There it was! For many people what we were looking at was probably meaningless but for me it meant the world. We were in Rinyirru (Lakefield) National Park (CYPAL, Cape York Peninsula Aboriginal Land), following a ranger car on a dirt road, to a turn off with a sign displaying “Bizant River” in big yellow letters. It’s probably ridiculous how excited I was, but when you spend your whole adult life studying euryhaline sharks and rays that move between fresh and saltwater, the Bizant River has an almost mystical meaning. After all that’s where the first specimens of speartooth shark Glyphis glyphis were found.

Rinyirru National Park is the second largest national park in Queensland and it is home to the Lama Lama and Kuku Thaypan peoples, the Bagaarrmugu, Mbarimakarranma, Muunydyiwarra, Magarrmagarrwarra, Balnggarrwarra and Gunduurwarra clans and related families. It contains many story places and sites of traditional significance and its ecological significance is immense, with large river systems as well as around 100 permanent billabongs. Most people would have heard about the park through the extensive adventures of the crocodile hunter, Steve Irwin. What not many people know is that Rinyirru NP and its rivers are also home to what is likely the last population of freshwater sawfish Pristis pristis on the east coast of Australia.

Since our first exploratory trip in 2018, our project aiming to identify the distributions of sawfishes within the park, has grown.

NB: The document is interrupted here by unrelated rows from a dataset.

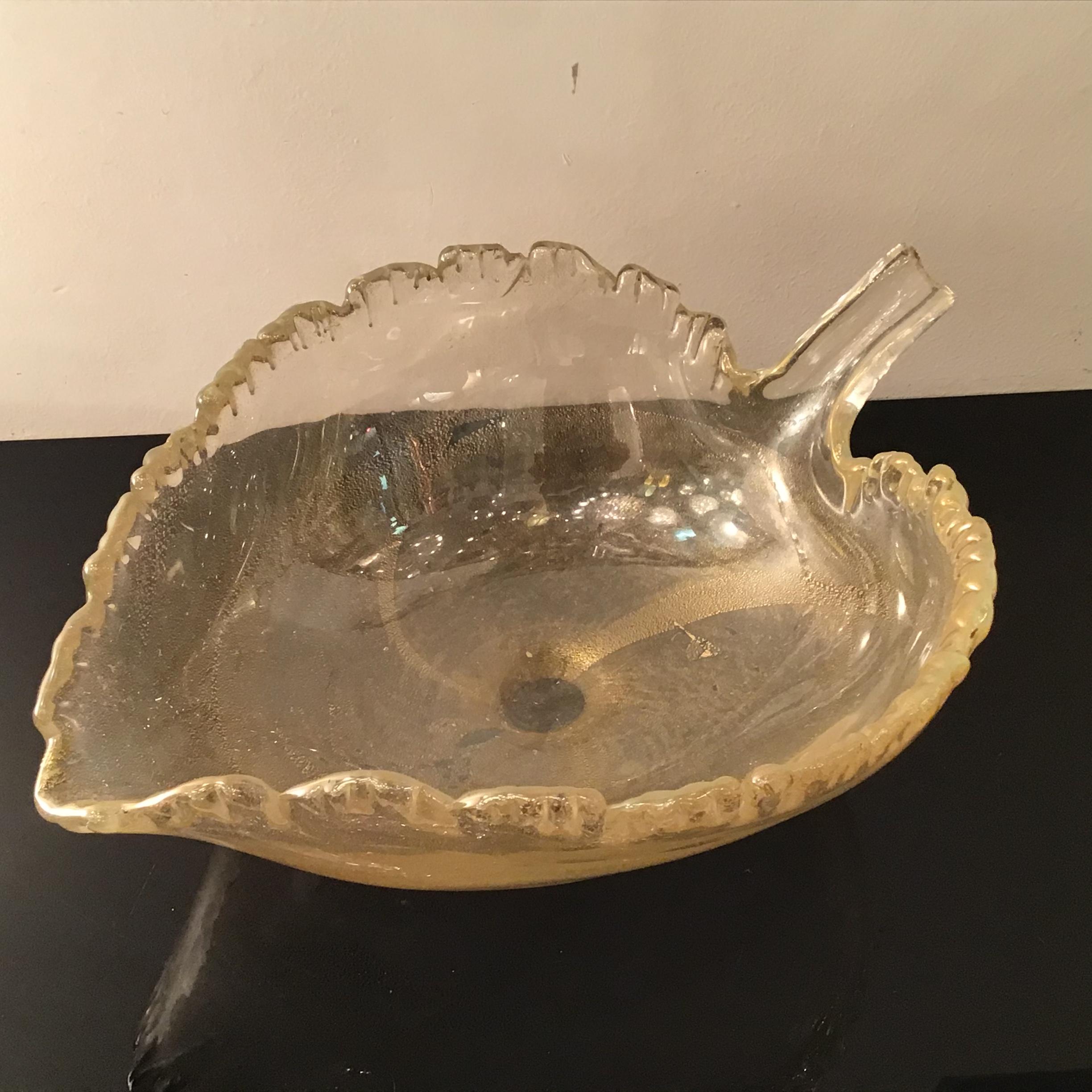 Italian Seguso “Flavio Poli “ Murano Glass Gold 1950 Italy For Sale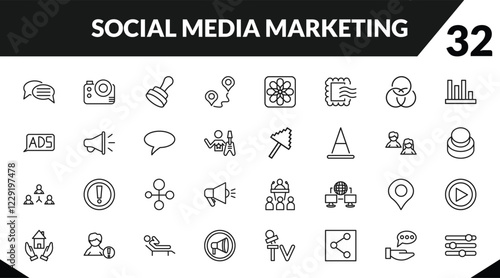 outline social media marketing icons set. editable linear big photo camera, stamps, path, and other 29 icons in this category isolated on transparent background.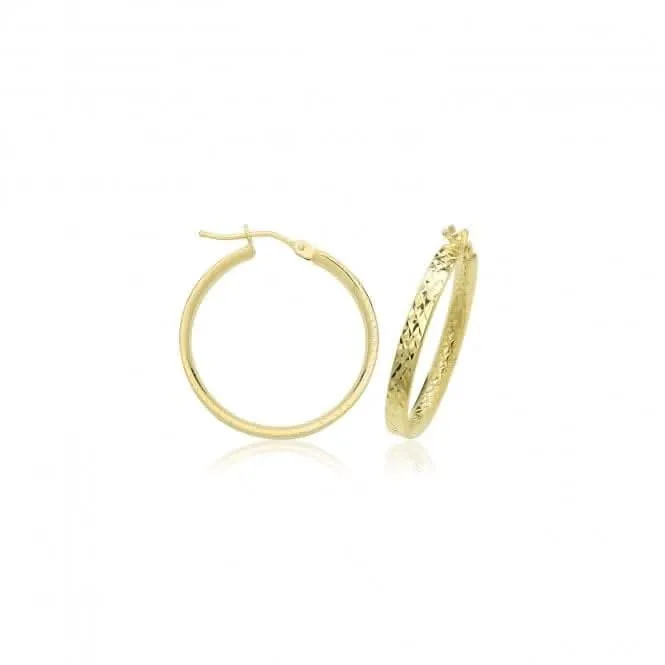 9ct Yellow Gold 30mm Diamond-Cut Hoop Earrings, ER1221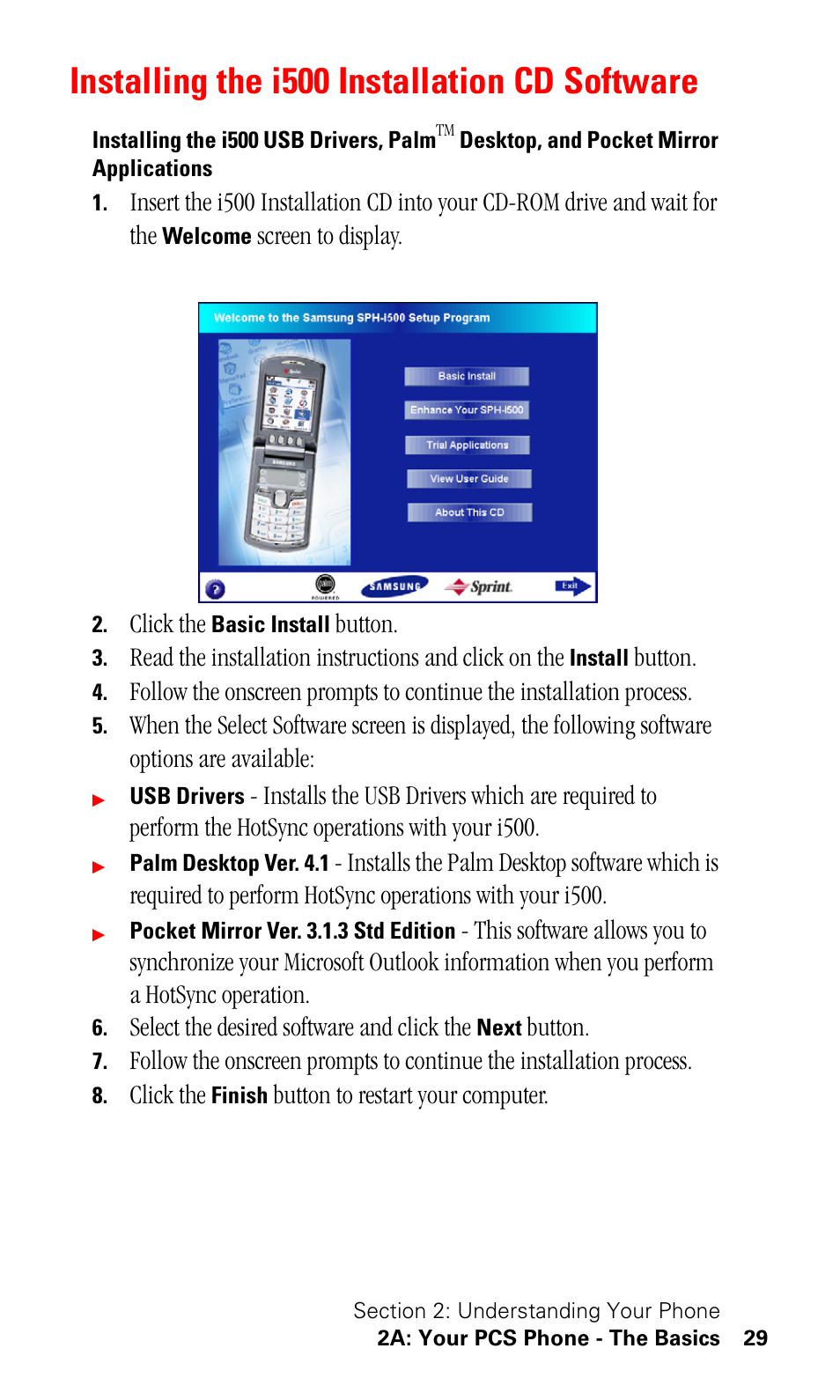 Installing the i500 installation cd software | Samsung SPH-I500SS-XAR User Manual | Page 32 / 218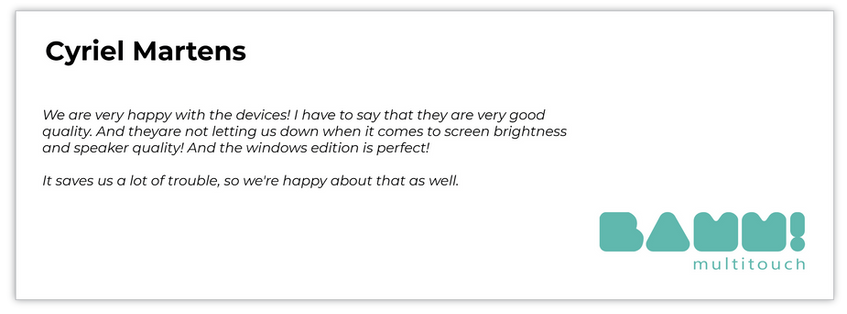 customer testimonial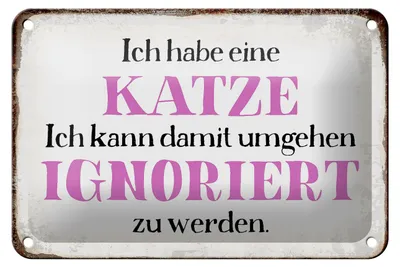 Produktbild von Blechschild Spruch 18x12cm habe Katze kann ignoriert werden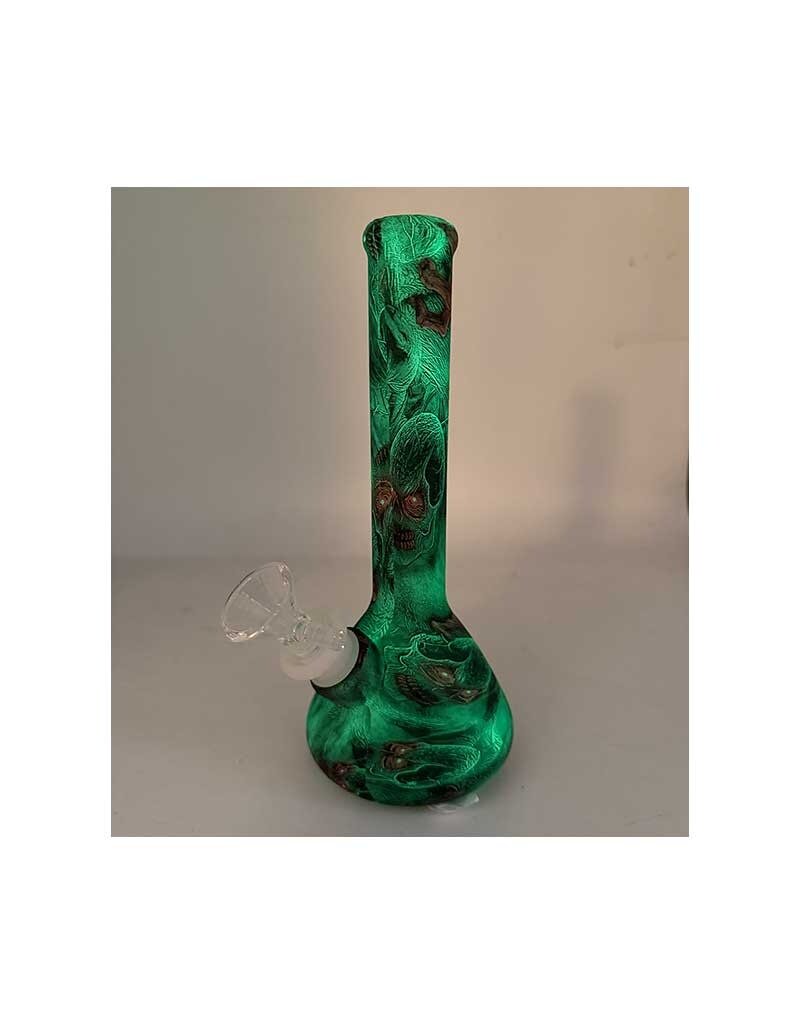 7" Glow In The Dark Skull Dragon Claw Silicone Water Pipe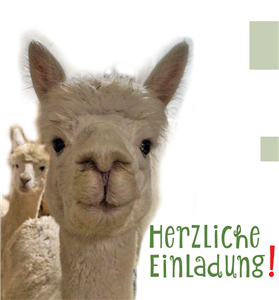 Einladung Hoffest 2019 Schriftzug "Herzliche Einladung!" und zwei Alpakas im Hintergrund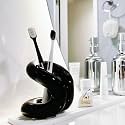 Handmade Ceramic Holder Stand for Toothbrushes, Makeup Brushes, and Pens - Minimalist Design for Bathroom Vanity and Countertops Decor (Black)
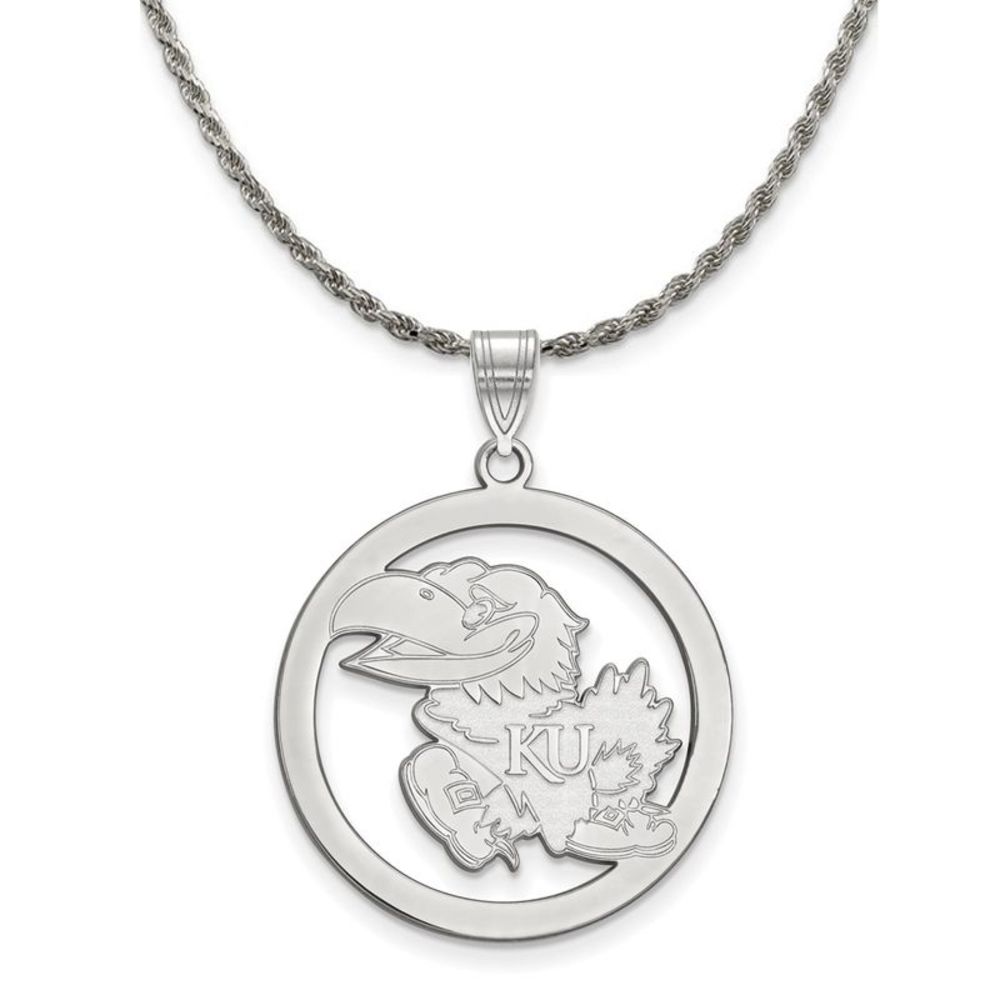 Sterling Silver U. of Kansas Large Circle Pendant Necklace - 20 Inch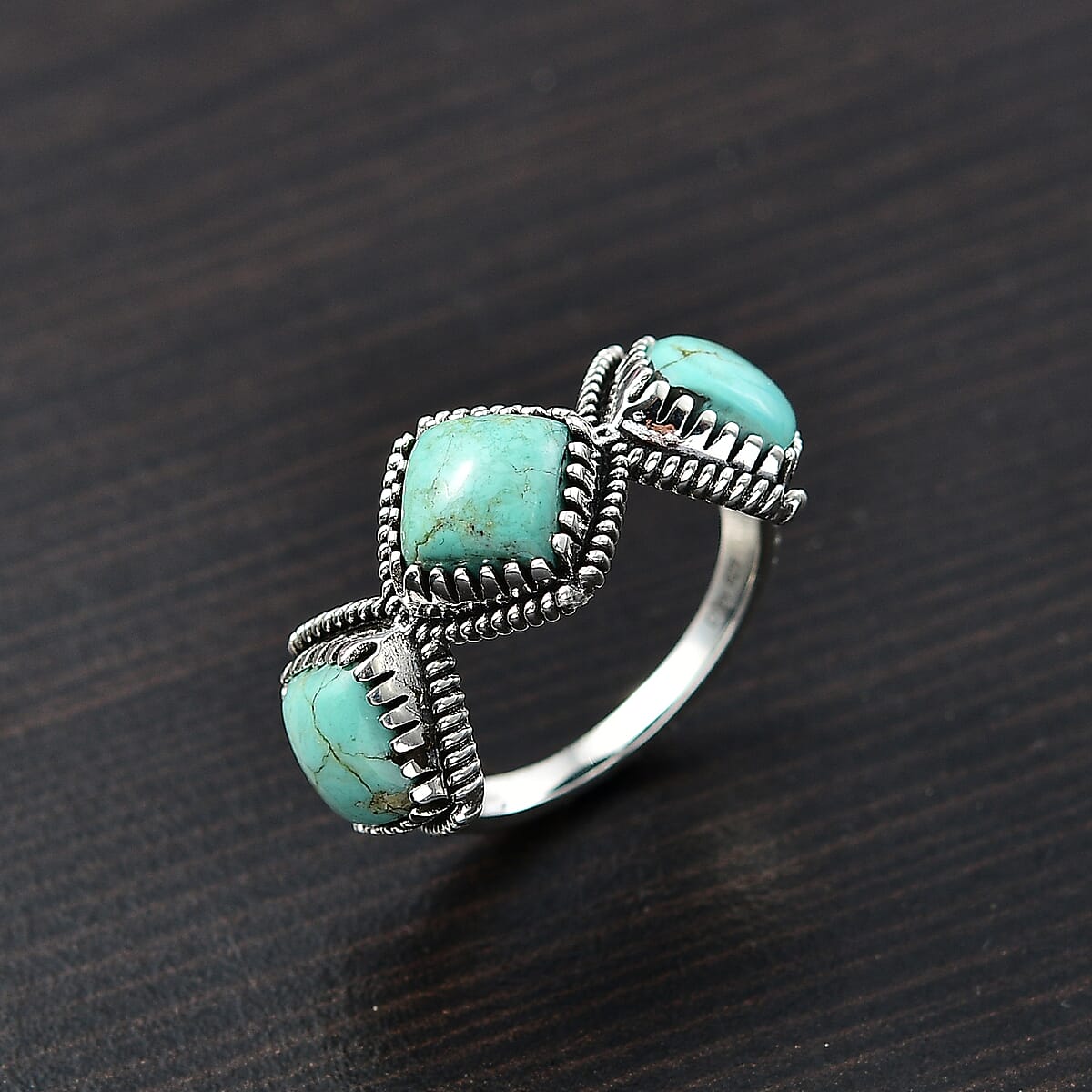 D'Joy Artisan Crafted Royston Turquoise 4.50 ctw 3 Stone Ring in Sterling Silver (Size 5.0) image number 1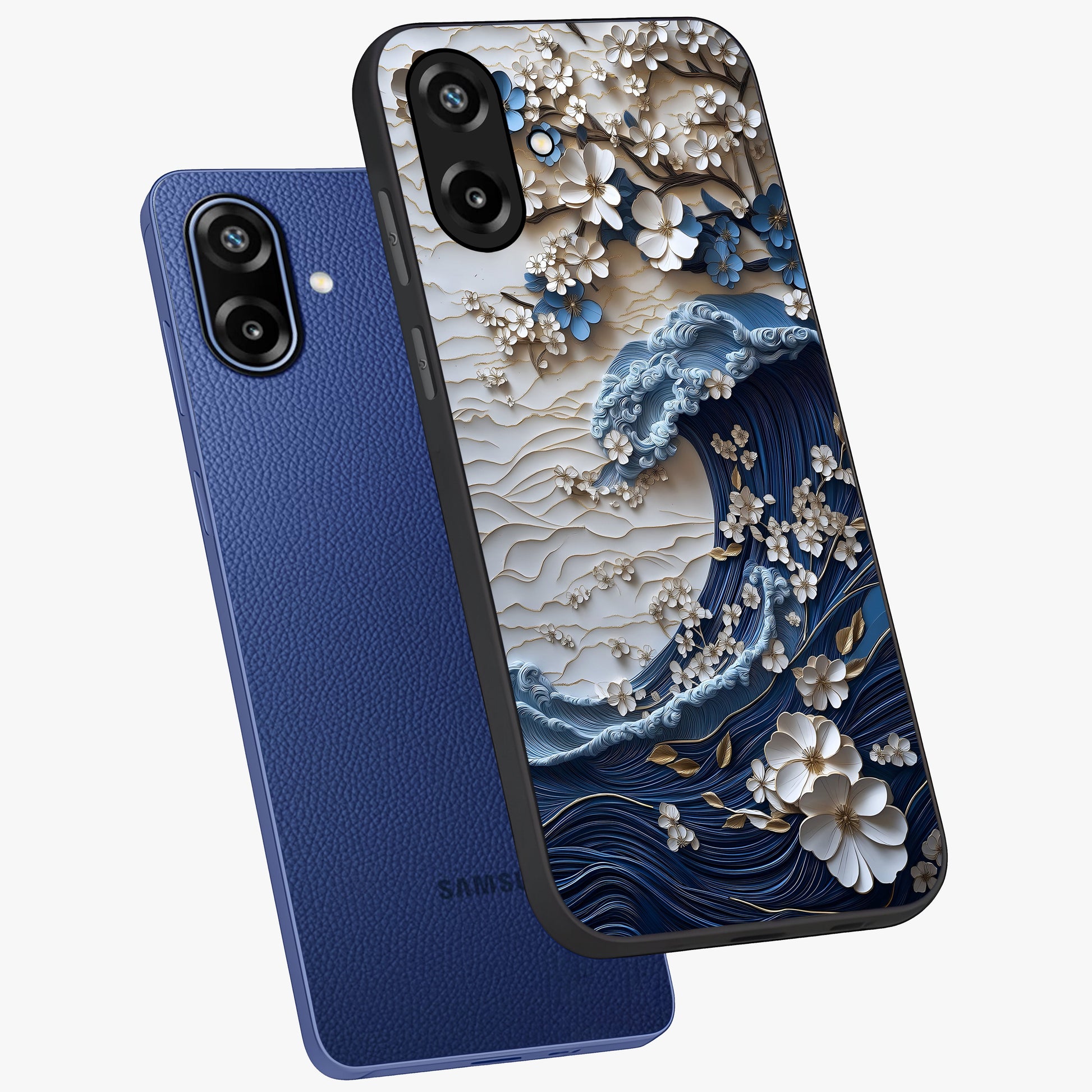 Floral Wave Origami Glass Case displayed in angled mockup highlighting geometric origami flower design with modern aesthetic style.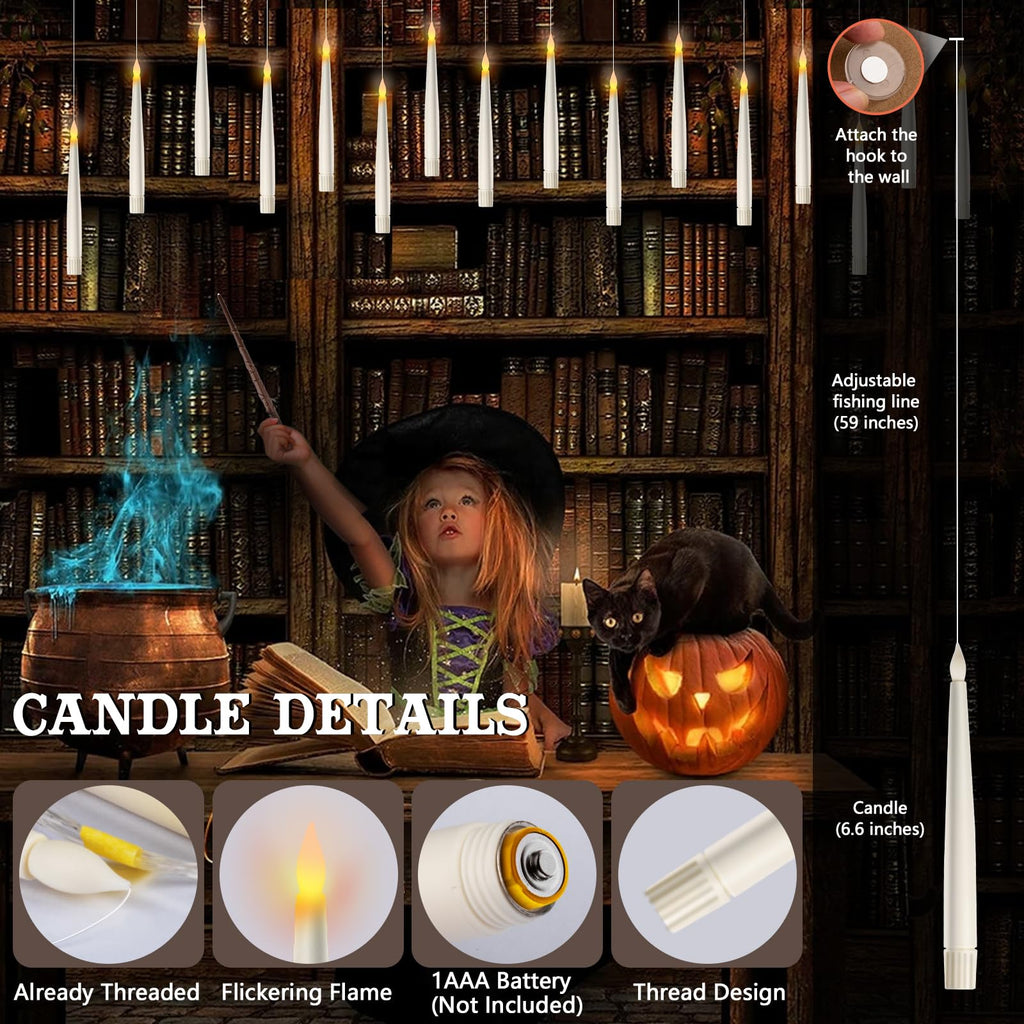 Halloween Decorations, 20pcs Floating Candles with Wand Remote, Flickering Warmer Light Flameless Candles, Magic Hanging Candles with DIY Sticker, Halloween Decorations Decor Indoor Outdoor Party (20)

In 2020 we were awarded a Queensland Government Community Sustainability Action grant, auspiced by Cape York NRM. In collaboration with Rinyirru Aboriginal Corporation and their Land and Sea rangers, and also the Laura Land and Sea rangers, we aimed to identify sawfish habitat and assess species distributions between 2020-2023.

In May 2023, Sharks and Rays Australia was awarded a Threatened Species research grant from the Queensland Government. The funds will allow implementation of a sawfish tracking study in Rinyirry (Lakefield) National Park (CYPAL, Cape York Peninsula Aboriginal Land), together with our collaborators at Rinyirru Aboriginal Corporation and their Land and Sea rangers, the Laura Land and Sea rangers, The Queensland Government and the University of the Sunshine Coast.

In September 2023 we ran the last field trip under the CSA grant, but already implemented the first steps for our new funding, and so the first acoustic receivers were deployed in the park. The highlight of this field trip was another encounter though, as we all met with the Queensland Minister for the Environment, Hon. Leanne Linnard, and also the Minister for the Environment and Water, Hon. Tanya Plibersek. We got them to tag their own little sawfish which they then also took home.

Image: Dr Wueringer (SARA) with the Hon. Tanya Plibersek, Federal Minister of Environment and Water (left) and the Hon. Leanne Linnard, Queensland Minister of the Environment and the Great Barrier Reef, and their sawfish.

Image: Nikki Biskis (SARA) and Gene Ross (QPWS, Rinyirru) geared up to set acoustic receivers on a steep bank.